The ELEMENTS option of the FOR XML AUTO clause causes AUTO mode to return nested elements instead of attributes. Depending on your business needs, element-centric mapping may be preferable to the default attribute-centric mapping. Listing 18.6 gives an example of a FOR XML query that returns elements instead of attributes.

Listing 18.6

SELECT CustomerID, CompanyName
FROM Customers
FOR XML AUTO, ELEMENTS
(Results abridged and formatted)
XML_F52E2B61-18A1-11d1-B105-00805F49916B
------------------------------------------------------------------
<Customers>
  <CustomerID>ALFKI</CustomerID>
  <CompanyName>Alfreds Futterkiste</CompanyName>
</Customers>
<Customers>
  <CustomerID>ANATR</CustomerID>
  <CompanyName>Ana Trujillo Emparedados y helados</CompanyName>
</Customers>
<Customers>
  <CustomerID>ANTON</CustomerID>
  <CompanyName>Antonio Moreno Taquer'a</CompanyName>
</Customers>
<Customers>
  <CustomerID>AROUT</CustomerID>
  <CompanyName>Around the Horn</CompanyName>
</Customers>
<Customers>
  <CustomerID>WILMK</CustomerID>
  <CompanyName>Wilman Kala</CompanyName>
</Customers>
<Customers>
  <CustomerID>WOLZA</CustomerID>
  <CompanyName>Wolski Zajazd</CompanyName>
</Customers>

Notice that the ELEMENTS option has caused what were being returned as attributes of the Customers element to instead be returned as subelements. Each attribute is now a pair of element tags that enclose the value from a column in the table.

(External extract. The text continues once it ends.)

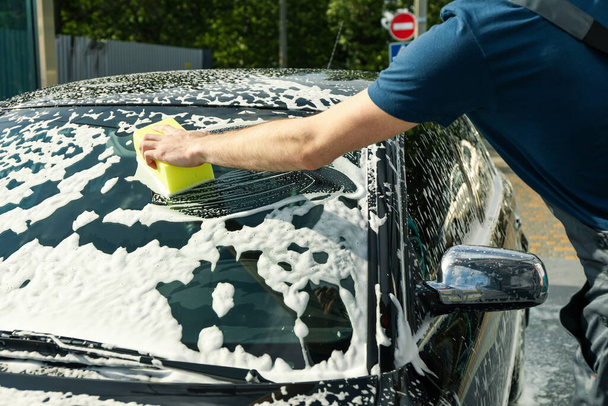 Ο άνθρωπος σκουπίζει το αυτοκίνητο με ένα σφουγγάρι. Καθαρίστε την έννοια του αυτοκινήτου - Φωτογραφία, εικόνα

NOTE: Currently, AUTO mode does not support GROUP BY or aggregate functions. The heuristics it uses to determine element names are incompatible with these constructs, so you cannot use them in AUTO mode queries. Additionally, FOR XML itself is incompatible with COMPUTE, so you can't use it in FOR XML queries of any kind.


EXPLICIT Mode


If you need more control over the XML than FOR XML produces, EXPLICIT mode is more flexible (and therefore more complicated to use) than either RAW mode or AUTO mode. EXPLICIT mode queries define XML documents in terms of a "universal table"—a mechanism for returning a result set from SQL Server that describes what you want the document to look like, rather than composing the document itself. A universal table is just a SQL Server result set with special column headings that tell the server how to produce an XML document from your data. Think of it as a set-oriented method of making an API call and passing parameters to it. You use the facilities available in Transact-SQL to make the call and pass it parameters.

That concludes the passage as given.